Stephens struggled to determine who could play such a distinctive character, until one of his casting directors suggested Kier. "I would have never thought of it because the real Mr. Pat was American, so casting someone with a German accent was not what I expected," says the director. "But as soon as she said it, I kind of knew it was right. I loved Udo from My Own Private Idaho and from Suspiria and from so many things."

Kier liked the script but asked Stephens to visit him in Palm Springs before signing on. "I wanted to meet him to see if I could work with him," says the actor. "Todd came and it was very pleasant, and then I stayed on board and even did a little crowdfunding. We got some money and then we started the movie in Sandusky."

Chris Stephens/Magnolia Pictures Udo Kier in 'Swan Song'

It is a little hard to imagine the cosmopolitan Kier walking the streets of small-town Ohio, but the actor claims to have thoroughly enjoyed his sojourn in Sandusky. "I wanted to shoot chronologically and we did," he says of making the film, whose cast also includes Jennifer Coolidge, Michael Urie, and Dynasty star Linda Evans. "So I started my first day of shooting in the retirement home in the bed. I demanded that I be there a day on my own, with no camera, to get used to the room. So that's what we did. We filmed everything in the retirement home and then we went on the street where I hitchhike to the town."

He continues, "In Sandusky, [they had] one street and on that one street they had a secondhand store where I filmed, and across the street was the theater where I filmed. So the whole street became a set. It was not the kind of film where the actors had trailers and all that, so it became a very normal situation, which I like."

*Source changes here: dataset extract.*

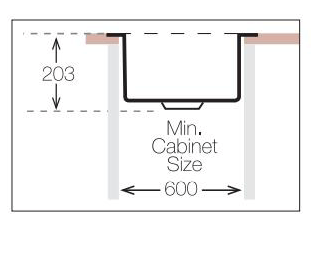 Technical image of UKINOX ColorX Flush Mount Kitchen Sink (550/505mm, Black).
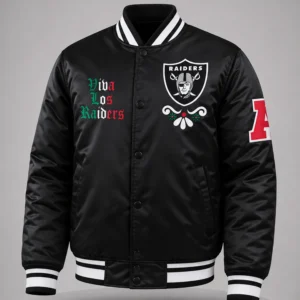 las vegas raiders viva los raiders bomber jacket3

"He's really easy to work with," says Stephens of his star. "He's a big motivator, like, 'Let's go, let's shoot.' It was hot, he was in this heavy sweatpants outfit, and Udo was just always there on the frontlines. I think he really liked being able to show his full range, to develop a character and give it an arc, and not just have to make that impact in five minutes. I think the film finally shows what Udo can truly do."

Over the past decade, Kier has averaged around half a dozen projects annually. Fans of violent thrillers may be familiar with him through his appearances in filmmaker S. Craig Zahler's Dragged Across Concrete and Brawl in Cell Block 99; younger pop culture consumers might at least know Kier's voice from his portrayal of Professor Pericles on Scooby-Doo! Mystery Incorporated. That heavy work schedule was interrupted by the pandemic and, although Kier reveals he did recently reteam with von Trier to shoot a continuation of The Kingdom saga, he hopes we see more of him in fewer projects going forward.

"I'm looking to get main parts, even in independent film," he says. "Hopefully something will come this year — something really interesting, like playing William S. Burroughs. I met him. I went to visit him in Kansas and it was amazing. I didn't like the movie they did with Naked Lunch. That's another story. But you know what I mean? I want to play somebody from the beginning until the end."

Swan Song opens in limited theaters Aug. 6 and is available on demand Aug. 13.